▽

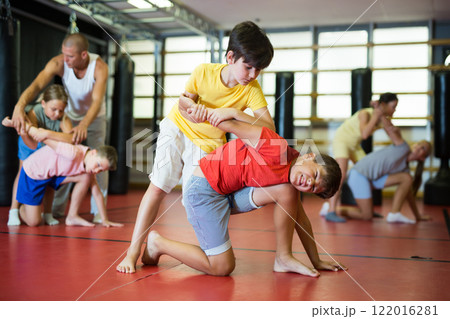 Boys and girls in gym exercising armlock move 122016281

△
▽

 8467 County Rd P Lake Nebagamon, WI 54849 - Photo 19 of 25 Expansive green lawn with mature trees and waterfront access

△
▽

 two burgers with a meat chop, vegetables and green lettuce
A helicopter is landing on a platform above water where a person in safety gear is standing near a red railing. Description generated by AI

△

EXERCISE DESCRIPTION:
The task calls for all lines in the entries that hold "with".

SOLUTION TO THE EXERCISE:
 8467 County Rd P Lake Nebagamon, WI 54849 - Photo 19 of 25 Expansive green lawn with mature trees and waterfront access
 two burgers with a meat chop, vegetables and green lettuce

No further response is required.